▶ Required action
Which lines in the data below contain the word "featuring"? Pull each of them out.

▶ Provided records
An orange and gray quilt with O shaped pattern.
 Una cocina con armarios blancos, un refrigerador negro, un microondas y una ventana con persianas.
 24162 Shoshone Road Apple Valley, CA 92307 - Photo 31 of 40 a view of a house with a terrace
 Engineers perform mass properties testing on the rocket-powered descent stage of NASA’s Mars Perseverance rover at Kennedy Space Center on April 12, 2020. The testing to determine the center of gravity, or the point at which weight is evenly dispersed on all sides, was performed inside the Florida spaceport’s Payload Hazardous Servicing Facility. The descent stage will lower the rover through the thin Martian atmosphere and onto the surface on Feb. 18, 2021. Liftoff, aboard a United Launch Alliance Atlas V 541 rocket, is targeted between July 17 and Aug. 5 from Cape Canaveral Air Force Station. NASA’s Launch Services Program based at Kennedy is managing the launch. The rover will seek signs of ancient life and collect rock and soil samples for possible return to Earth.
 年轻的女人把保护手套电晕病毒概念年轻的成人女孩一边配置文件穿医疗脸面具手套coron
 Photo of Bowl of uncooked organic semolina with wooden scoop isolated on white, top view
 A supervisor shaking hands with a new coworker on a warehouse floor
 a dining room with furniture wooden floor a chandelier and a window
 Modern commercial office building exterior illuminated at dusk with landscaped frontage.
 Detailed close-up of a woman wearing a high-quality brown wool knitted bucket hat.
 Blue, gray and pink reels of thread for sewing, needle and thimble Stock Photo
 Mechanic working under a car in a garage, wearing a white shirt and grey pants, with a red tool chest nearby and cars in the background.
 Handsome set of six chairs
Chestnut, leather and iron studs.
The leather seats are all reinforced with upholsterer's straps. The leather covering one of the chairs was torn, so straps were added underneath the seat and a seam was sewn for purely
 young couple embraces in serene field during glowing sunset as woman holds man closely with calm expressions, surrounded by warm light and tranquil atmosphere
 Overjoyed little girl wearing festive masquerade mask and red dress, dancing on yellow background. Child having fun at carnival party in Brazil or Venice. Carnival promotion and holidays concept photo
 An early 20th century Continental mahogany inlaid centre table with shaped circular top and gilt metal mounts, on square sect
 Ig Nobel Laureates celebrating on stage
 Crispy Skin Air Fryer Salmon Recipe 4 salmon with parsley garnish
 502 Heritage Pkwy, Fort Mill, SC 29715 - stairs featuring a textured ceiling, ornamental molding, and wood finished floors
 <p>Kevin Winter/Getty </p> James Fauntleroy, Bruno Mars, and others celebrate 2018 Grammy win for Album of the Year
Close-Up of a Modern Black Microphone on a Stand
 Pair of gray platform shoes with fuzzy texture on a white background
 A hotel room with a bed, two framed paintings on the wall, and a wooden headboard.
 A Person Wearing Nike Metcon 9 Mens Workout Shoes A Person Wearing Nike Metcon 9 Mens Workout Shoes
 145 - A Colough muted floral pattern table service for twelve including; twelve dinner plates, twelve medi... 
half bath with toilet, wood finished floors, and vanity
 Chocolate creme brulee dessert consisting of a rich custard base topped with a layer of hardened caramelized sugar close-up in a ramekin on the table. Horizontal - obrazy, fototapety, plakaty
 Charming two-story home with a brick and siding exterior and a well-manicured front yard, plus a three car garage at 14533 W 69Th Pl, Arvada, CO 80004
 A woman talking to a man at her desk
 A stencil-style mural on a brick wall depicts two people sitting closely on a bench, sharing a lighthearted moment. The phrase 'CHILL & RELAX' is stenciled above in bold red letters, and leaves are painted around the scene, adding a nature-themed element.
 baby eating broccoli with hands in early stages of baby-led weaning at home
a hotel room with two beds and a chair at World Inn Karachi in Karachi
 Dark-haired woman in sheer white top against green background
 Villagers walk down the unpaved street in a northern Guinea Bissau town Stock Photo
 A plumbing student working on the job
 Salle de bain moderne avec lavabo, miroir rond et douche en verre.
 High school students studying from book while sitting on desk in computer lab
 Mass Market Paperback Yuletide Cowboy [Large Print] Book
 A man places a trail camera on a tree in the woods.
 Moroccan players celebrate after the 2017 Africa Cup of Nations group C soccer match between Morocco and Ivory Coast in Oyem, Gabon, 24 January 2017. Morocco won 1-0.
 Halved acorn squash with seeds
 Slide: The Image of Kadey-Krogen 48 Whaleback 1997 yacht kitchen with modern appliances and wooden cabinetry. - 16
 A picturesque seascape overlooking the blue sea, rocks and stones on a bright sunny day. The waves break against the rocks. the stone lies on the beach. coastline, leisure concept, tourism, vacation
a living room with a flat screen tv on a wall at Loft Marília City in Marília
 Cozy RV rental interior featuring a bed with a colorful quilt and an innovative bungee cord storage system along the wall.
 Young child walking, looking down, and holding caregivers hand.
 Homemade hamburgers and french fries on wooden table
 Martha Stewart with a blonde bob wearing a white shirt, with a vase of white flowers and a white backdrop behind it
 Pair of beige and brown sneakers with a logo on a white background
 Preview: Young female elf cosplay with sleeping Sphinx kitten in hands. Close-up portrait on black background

▶ Task result
 502 Heritage Pkwy, Fort Mill, SC 29715 - stairs featuring a textured ceiling, ornamental molding, and wood finished floors
 Cozy RV rental interior featuring a bed with a colorful quilt and an innovative bungee cord storage system along the wall.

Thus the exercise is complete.